Question

In one city, the probability that a person will pass his or her driving test on the first attempt is 0.68. Eleven people are selected at random from among those taking their driving test for the first time. What is the probability that among these 11 people, the number passing the test is between 2 and 4 inclusive

Answer 1

Answer:

0.0308 = 3.08% probability that among these 11 people, the number passing the test is between 2 and 4 inclusive

Step-by-step explanation:

For each person, there are only two possible outcomes. Either they pass the test on their first attempt, or they do not. Each person is independent of any other person. So we use the binomial probability distribution to solve this question.

Binomial probability distribution

The binomial probability is the probability of exactly x successes on n repeated trials, and X can only have two outcomes.

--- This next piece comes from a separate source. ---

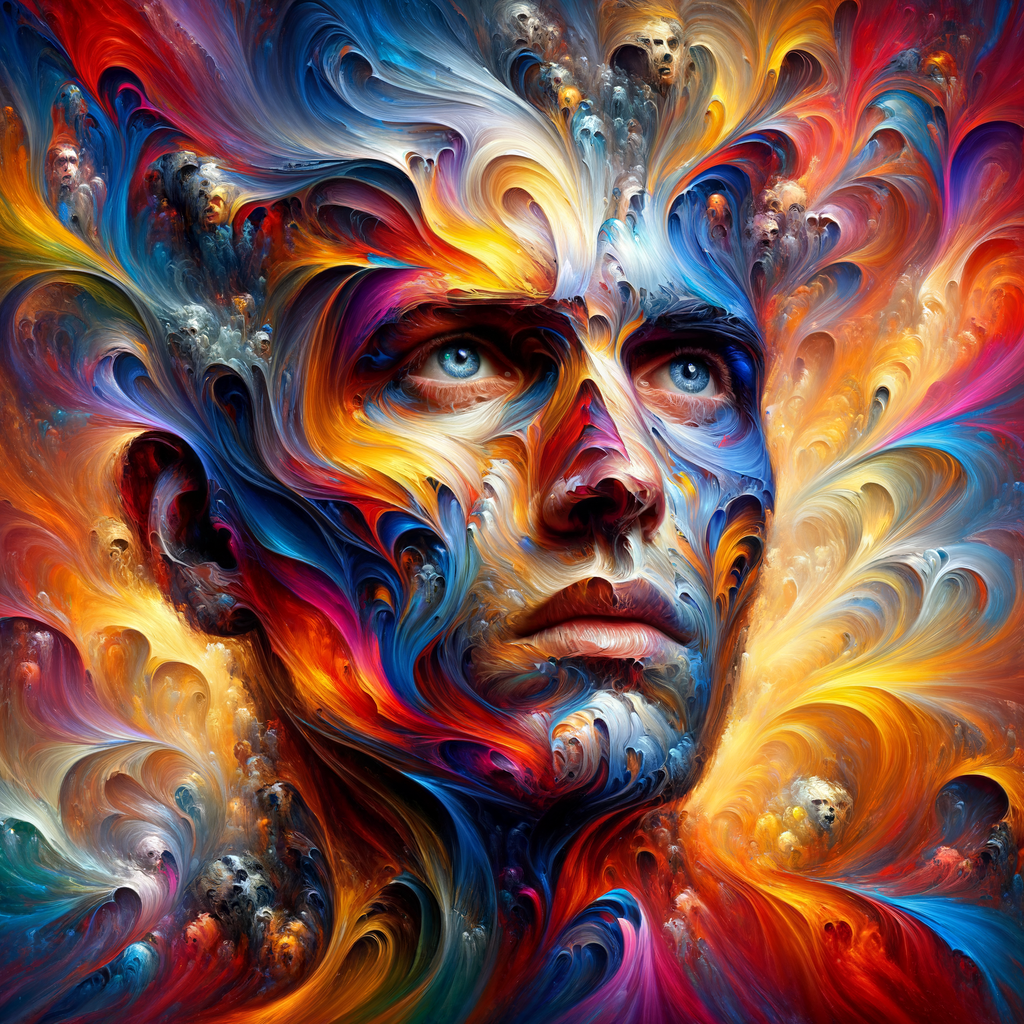 Pierluigi Diaco scatena il caos: voleva il posto di Caterina Balivo? Un caso politico in arrivo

$P(X = x) = C_{n,x}.p^{x}.(1-p)^{n-x}$

In which $C_{n,x}$ is the number of different combinations of x objects from a set of n elements, given by the following formula.

$C_{n,x} = \frac{n!}{x!(n-x)!}$

And p is the probability of X happening.

In one city, the probability that a person will pass his or her driving test on the first attempt is 0.68.

This means that $p = 0.68$

Eleven people are selected at random from among those taking their driving test for the first time.

This means that $n = 11$

What is the probability that among these 11 people, the number passing the test is between 2 and 4 inclusive

This is

$P(2 \leq X \leq 4) = P(X = 2) + P(X = 3) + P(X = 4)$.

$P(X = x) = C_{n,x}.p^{x}.(1-p)^{n-x}$

$P(X = 2) = C_{11,2}.(0.68)^{2}.(0.32)^{9} = 0.0009$

$P(X = 3) = C_{11,3}.(0.68)^{3}.(0.32)^{8} = 0.0057$

$P(X = 4) = C_{11,4}.(0.68)^{4}.(0.32)^{7} = 0.0242$

$P(2 \leq X \leq 4) = P(X = 2) + P(X = 3) + P(X = 4) = 0.0009 + 0.0057 + 0.0242 = 0.0308$.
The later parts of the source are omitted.